TIL a $300 lesson about training a custom AI model on the wrong data

I spent about three weeks trying to build a simple image classifier for my garden project, using a dataset I scraped from random websites. The model kept giving me weird results, like calling a tomato a 'small red car'. Turns out the dataset had a bunch of mislabeled junk mixed in. I wasted around $300 on cloud compute credits running those bad training cycles. I should have cleaned and verified my data first, or just used a smaller, verified set. Has anyone else gotten burned by a bad dataset, and how do you vet yours now?

4 comments

4 Comments

spencer_owens583mo ago

I used to skip data cleaning, but a mistake like that would totally change my mind.

dakotab933mo ago

Man, that's rough. I read a blog post from a guy who trained a model to spot manufacturing defects, but his training photos had a specific time stamp in the corner. The AI just learned to look for that timestamp, not the actual cracks. It's crazy how it picks up on the wrong stuff. I'm paranoid about my data now and try to do a manual check on a random sample before any training run.
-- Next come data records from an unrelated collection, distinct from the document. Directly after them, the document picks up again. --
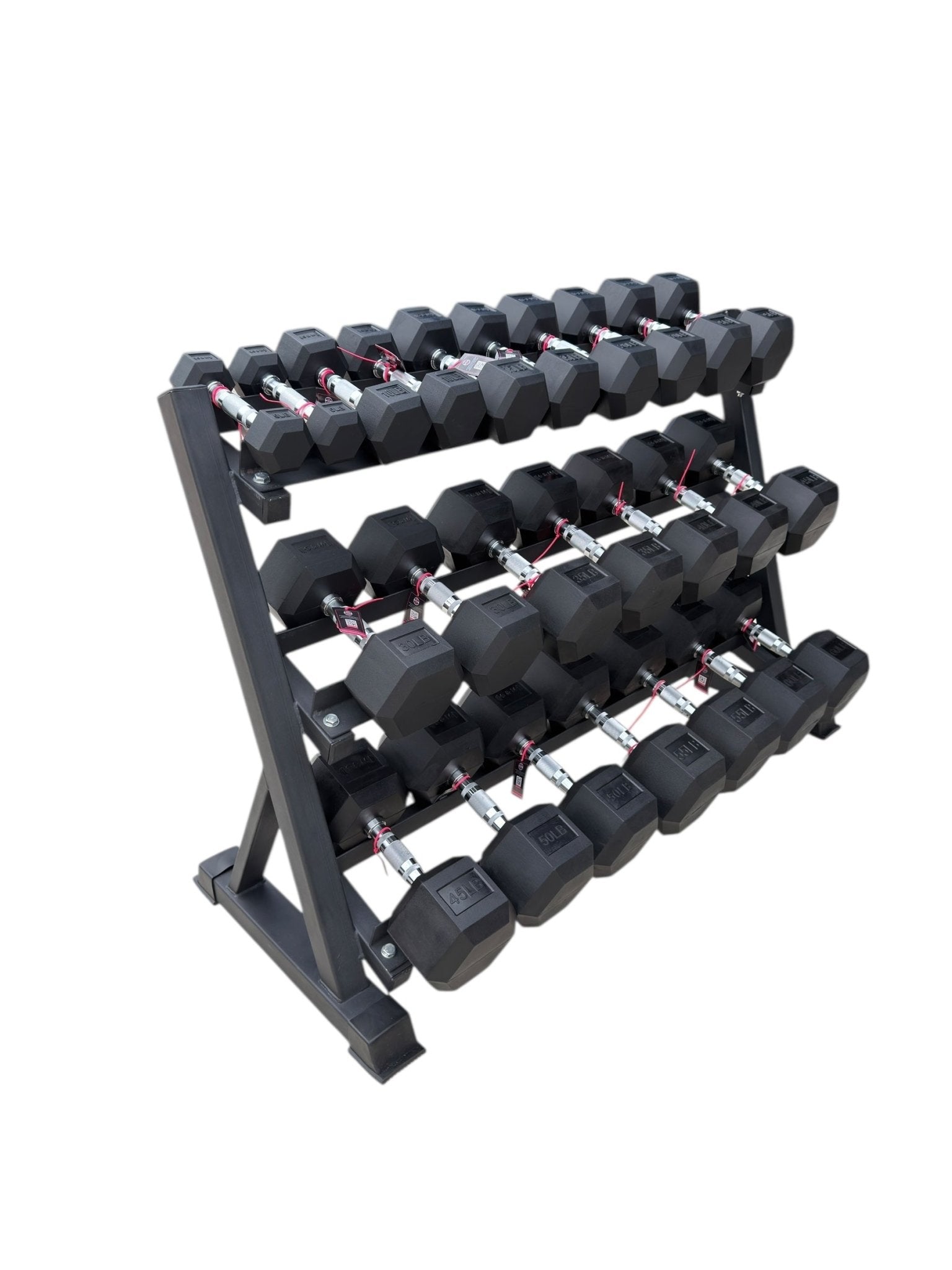Pair of 5-60lb Hex Rubber Dumbbells Set with Rack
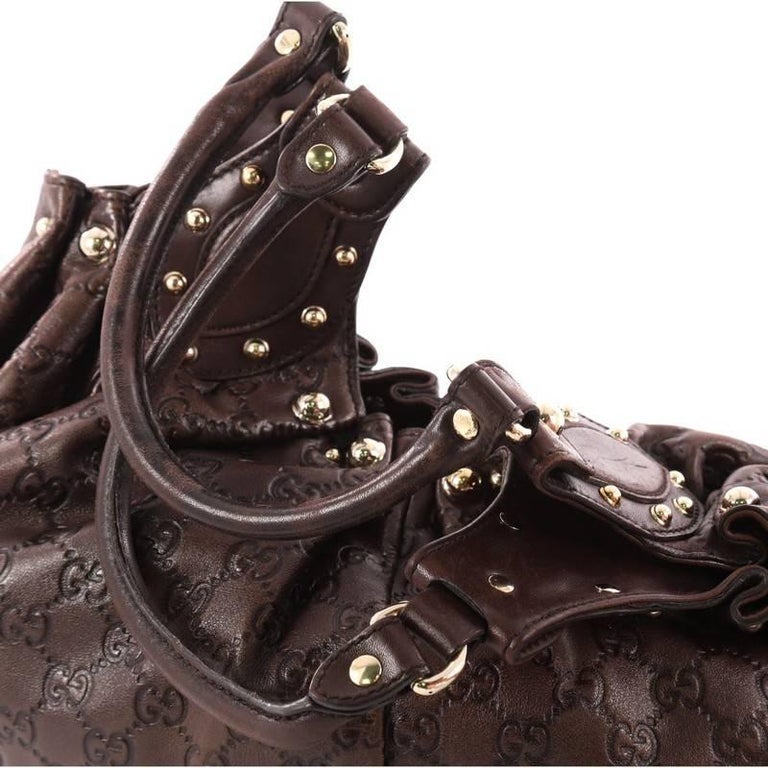 Gucci Pelham Shoulder Bag Studded Guccissima Leather Medium at 1stdibs
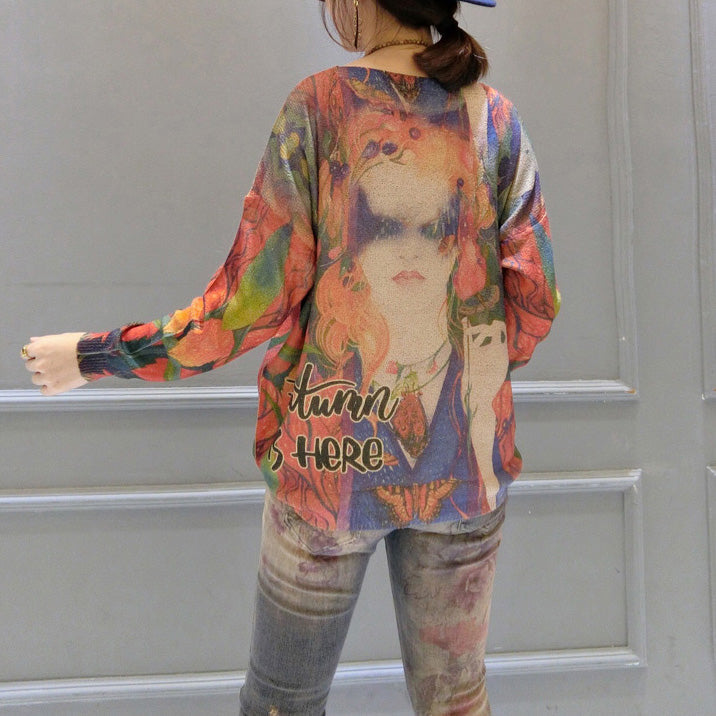 2025 new girl prints cotton sweater plus size o neck fashion pullover knit tops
susanb343mo agoMost Upvoted

So the AI basically became a super expensive timestamp detector? Did the guy at least get a refund on all that compute time he wasted?

gibson.avery2mo ago

The timestamp thing is close but not exactly right. In that blog post, the issue was actually that all the defective parts were photographed in the afternoon shift, so the lighting was warm and yellowish, not a timestamp in the corner. The AI learned to associate that warm light with defects instead of the actual cracks or chips in the material. So it was more of a lighting bias than a timestamp issue, but still a super common mistake people make with training data. It's wild how something as simple as different lighting conditions can totally throw off a model if you're not careful.